Abstract: Error-correction in digital communications broke through long-standing complexity barriers with the advent of turbo-codes and the revival of low-density parity check codes, both using graph-based message-passing decoders. The idea of localized message-passing was used long before in problems from physics, such as the solution to Laplace’s equations with boundary conditions using relaxation algorithms and other problems amenable to finite element analysis. Algorithms to solve such partial differential equations often create a dynamical system intended to converge to the desired solution as a stable point. In many physics problems, the graph is “naturally” determined. In coding, the graph is designed to specify a high-quality code and an effective low-complexity decoding algorithm, requiring graphs with connectivity that poses inherent challenges for decoder architectures. Decoders create non-linear dynamical systems that have the codewords as fixed points. The theories establishing decoder convergence do not yet fully characterize their dynamics. Implementation questions have led to the study of graphs and their communication requirements, and how the required messages can be made simplest to pass and to process. The strategy of designing graphs to solve large-scale systems of equations has found success in other domains, where previously decomposed and suboptimal solutions can be improved integrating message-passing algorithms.
Authors: Andrew Thangaraj, Nanda T. Suresh, Arunkumar Subramanian, Matthieu Bloch and Steven W. McLaughlin
Title: “Coding for Strong and Weak Secrecy in Wiretap Channels”
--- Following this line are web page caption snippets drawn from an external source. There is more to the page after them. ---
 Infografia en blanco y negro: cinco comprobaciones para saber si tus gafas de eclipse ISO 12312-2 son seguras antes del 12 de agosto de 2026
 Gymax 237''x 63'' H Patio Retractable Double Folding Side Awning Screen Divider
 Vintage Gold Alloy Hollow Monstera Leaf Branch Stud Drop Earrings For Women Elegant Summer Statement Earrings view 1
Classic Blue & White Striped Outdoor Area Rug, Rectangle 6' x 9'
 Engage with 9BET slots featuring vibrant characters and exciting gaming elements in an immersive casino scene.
Abstract: In the wiretap channel model, symbols transmitted through a main channel to a legitimate receiver are observed by an eavesdropper across a wiretapper's channel. The goal of coding for wiretap channels is to facilitate error-free decoding across the main channel, while ensuring zero information transfer across the wiretapper's channel. Strong secrecy requires the total information transfer to the eavesdropper to tend to zero, while weak secrecy requires the per-symbol information transfer to go to zero. In this paper, we will consider coding methods for binary wiretap channels with a noiseless main channel and a BEC or a BSC wiretapper's channel. We will provide conditions and codes that achieve strong and weak secrecy for the BEC case. For the BSC case, we will discuss some existing coding methods and develop additional criteria for secrecy.
Author: Yeong-Luh Ueng
Title: “Interblock Memory for Turbo Trellis Coded Modulation”
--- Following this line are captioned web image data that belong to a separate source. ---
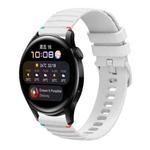 For Huawei Watch 3 Wavy Dotted Stitched 22mm Silicone Watch Band(White)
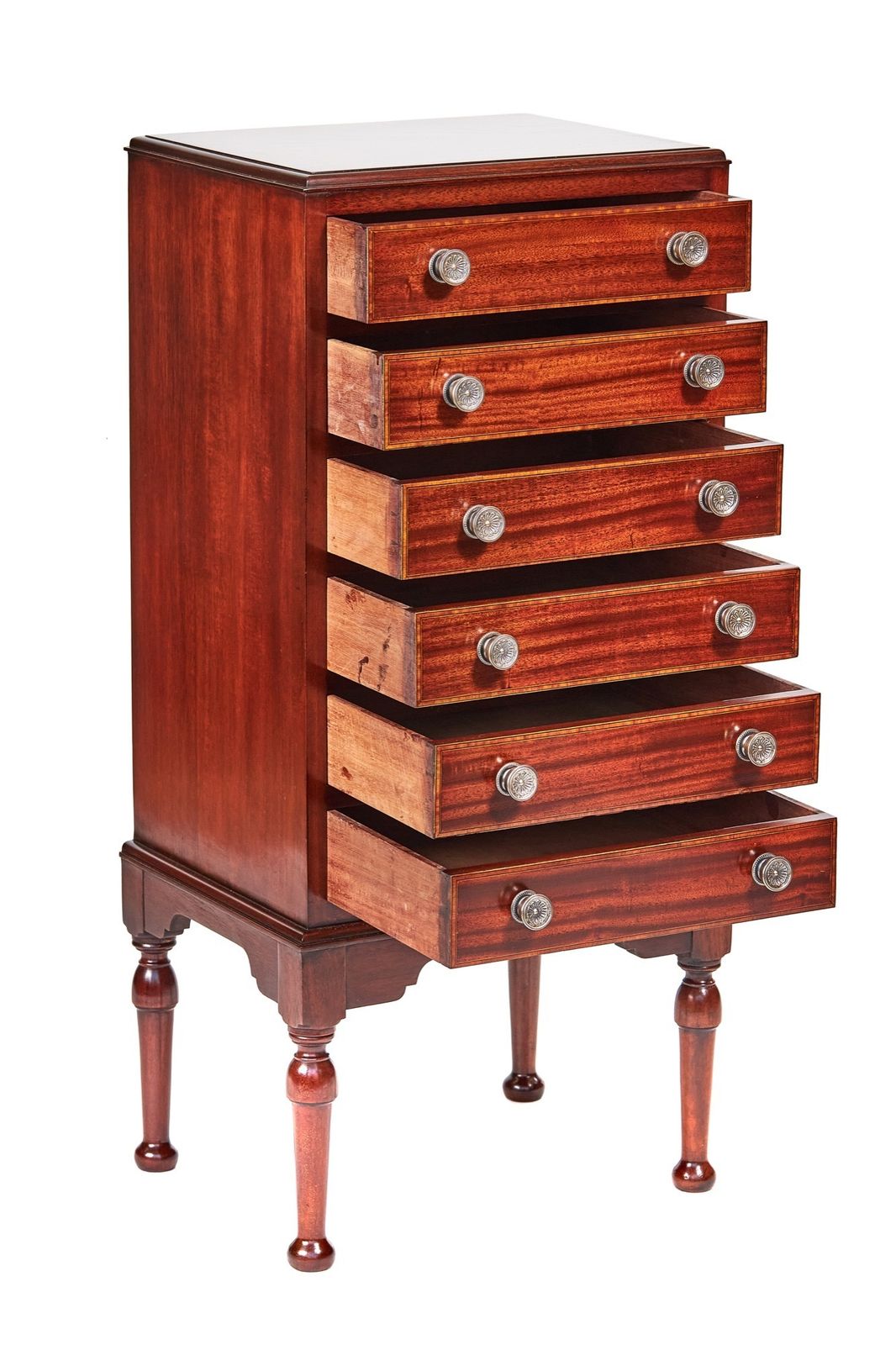 Edwardian Mahogany Inlaid 6 Drawer Chest photo furniture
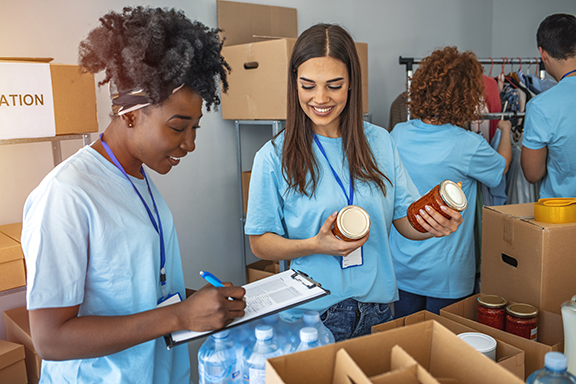 Volunteers at a food pantry in Michigan.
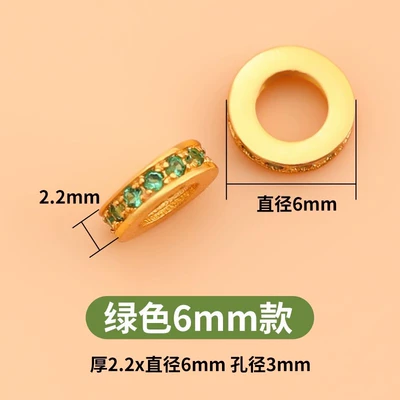 Zərgərlik ara hissələri Beaded Spacer Accessories - non-allergic-green-6mm-style-one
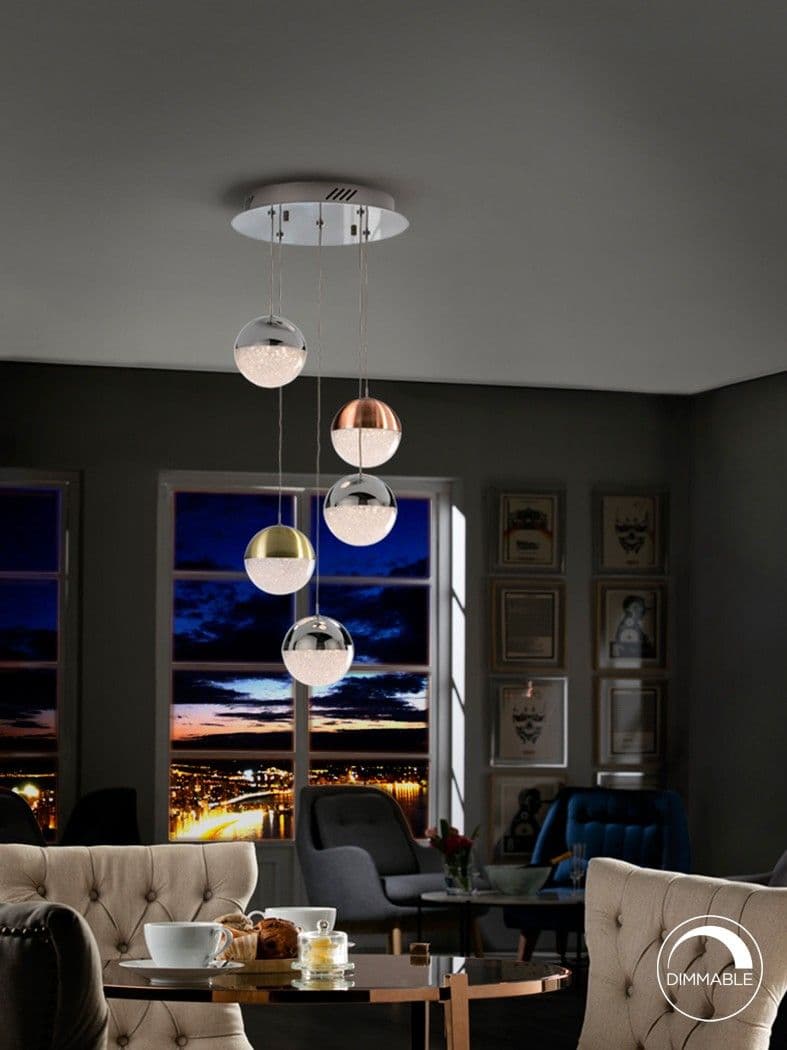 SPHERE висяща LED лампа, 5L., трицветна – Schuller 793534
Abstract: This paper presents a turbo trellis coded modulation (TTCM) scheme for which the encoding is implemented by serially concatenating a demultiplexer, a multilevel delay processor, and a signal mapper to the encoder of a binary turbo code. Through the delay processor and the signal mapper, interblock memory is introduced between consecutive binary turbo codewords. The proposed TTCM can be decoded based on the demapper and the binary turbo decoder. We can design a TTCM with a rate of 2 bits per 8PSK symbol and a pinch-off limit of 3.08 dB which is only 0.18 dB away from the capacity (2.9 dB).
Author: Ruediger Urbanke
Title: “BP 4 MAP: Better Performance For Many Arduous Problems”
Abstract: A key focus of modern coding theory is to study the interplay between the structure of codes and their decoding performance. E.g., it is well known that for standard irregular ensembles degree-two variable nodes play a crucial role, both in terms of the error floor performance as well as for thresholds. Other important notions of structure in this realm are, e.g., protographs, multi-edge types, or structured permutations.
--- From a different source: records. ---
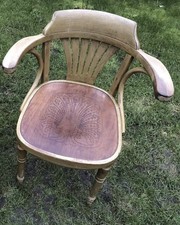Vintage Bentwood Barber Hairdresser Single Armchair Natural Wood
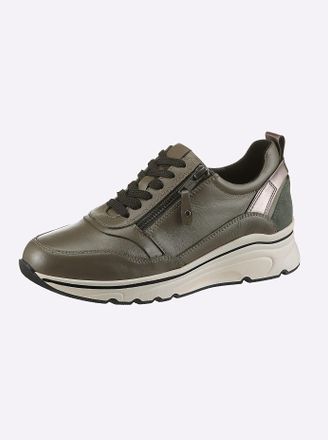 Heine Sneaker HEINE, Damen, Gr. 37, gr&uuml;n (khaki, oliv), Glattleder, Leder, Veloursleder, Schuhe Sneaker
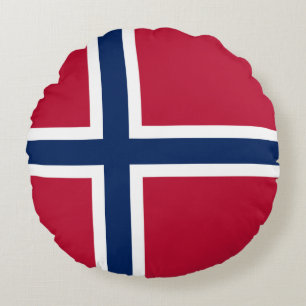 Norges flagga rund kudde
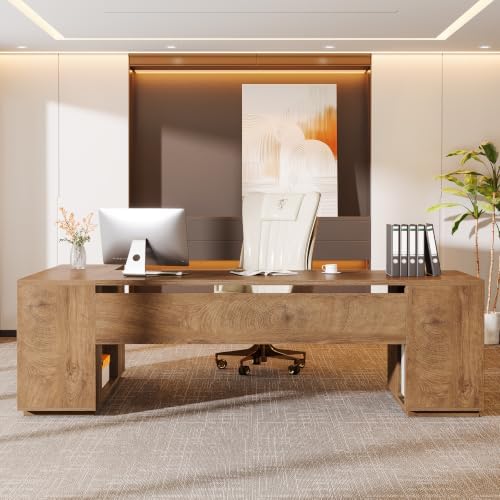Tribesigns 85.8-Inch L-Shaped Executive Desk, Extra Large Home Office Desk - Image 6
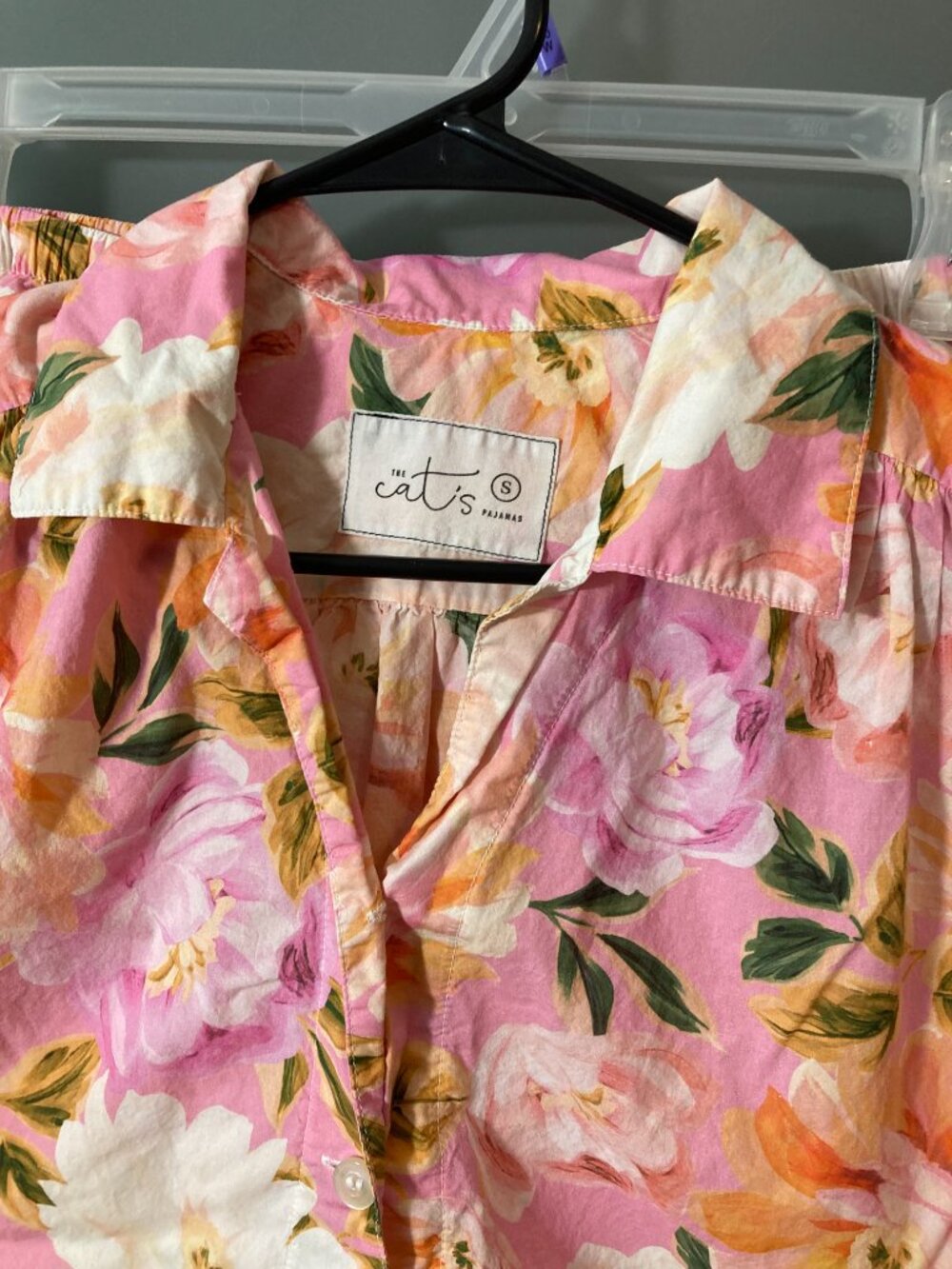 The Cat’s Pajamas Pink Floral S/S top & Pants Pajamas Cotton S-small repair - Picture 2 of 13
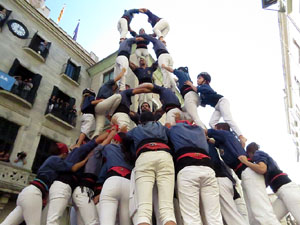 Fires 2017. La Diada Castellera a la plaça del Vi, amb els Marrecs de Salt, els Capgrossos de Mataró i els Minyons de Terrass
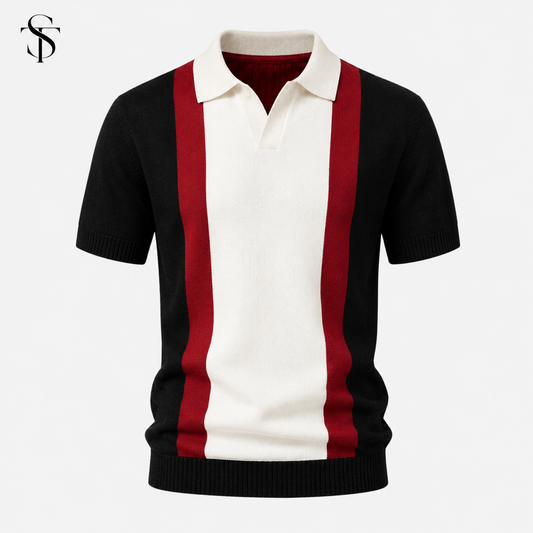ST - Striped Knitted Polo Shirt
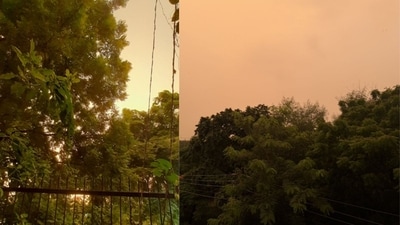 Sky turns yellow in New Delhi after light rain. Sky turns yellow in New Delhi after light rain.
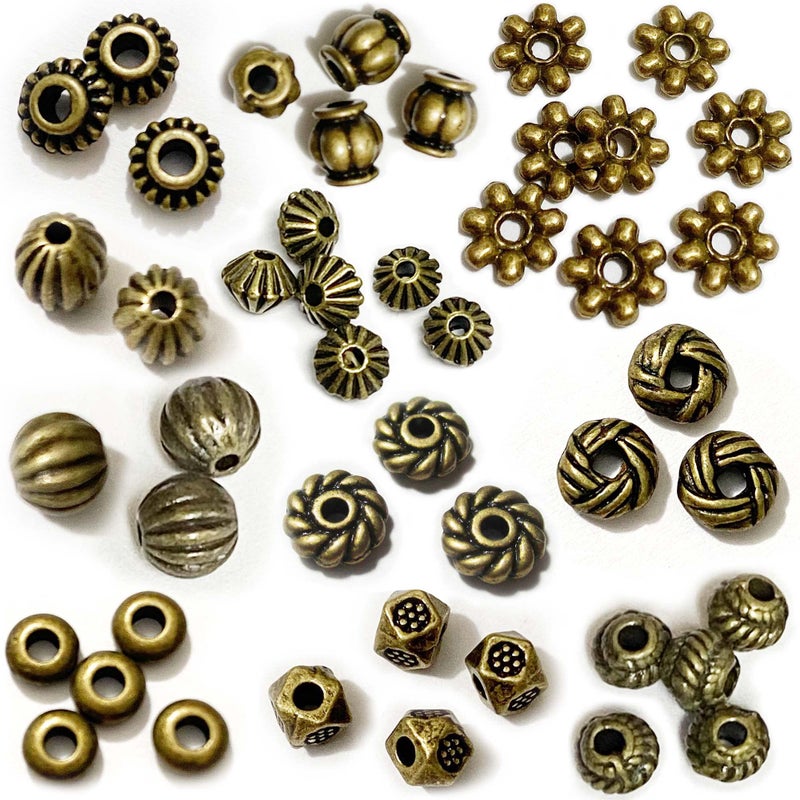 Heather's CF Antique Bronze Spacer Beads for Jewelry Making 500pcs Small Brass Metal Beads & Bead Assortments for Bracelet Necklace Earring Making Brass Bead Spacers for Jewelry Making Supplies - Image 1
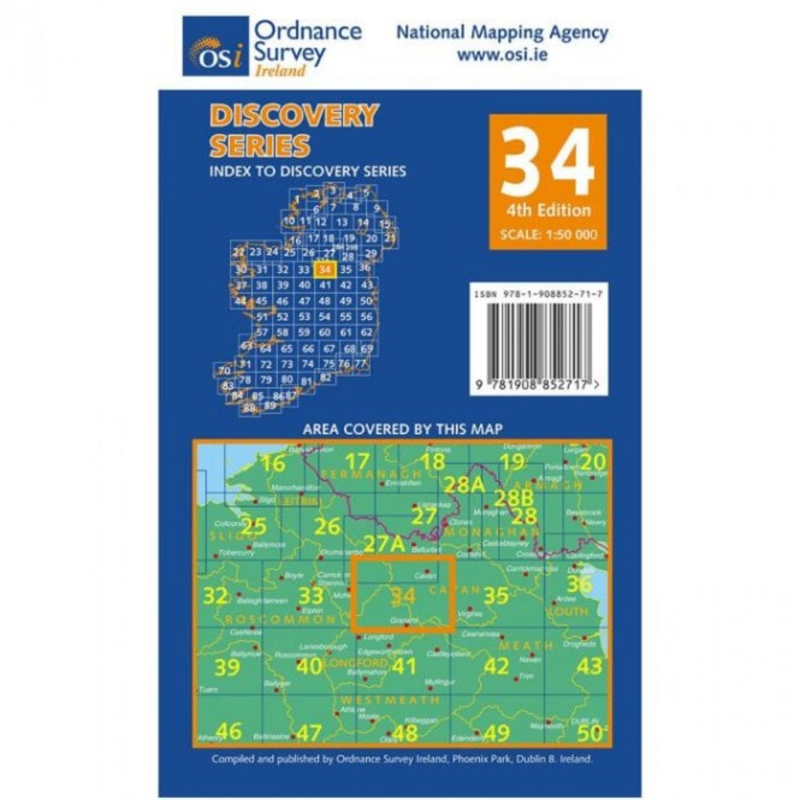 OSI Discovery Series Sheet 34 Lamfold Cavan Leitrim Longford Meath Westmeath 4th Edition 2016-1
I will focus on the particular stucture which emerges when codes are “coupled”. This structure was introduced by Zigangirov and Feldstrom in the form of convolutional LDPC codes in 1999. It has since been studied extensively and it is well known that codes of this form have excellent performance. I will quickly review why these codes perform so well. Simplifying slightly, the structure magically ensures that the BP performance for these codes is equal to their MAP performance. I will then survey some of the many extensions within coding, communications, and computer science where the same principle applies and outline some of the many remaining questions in this area.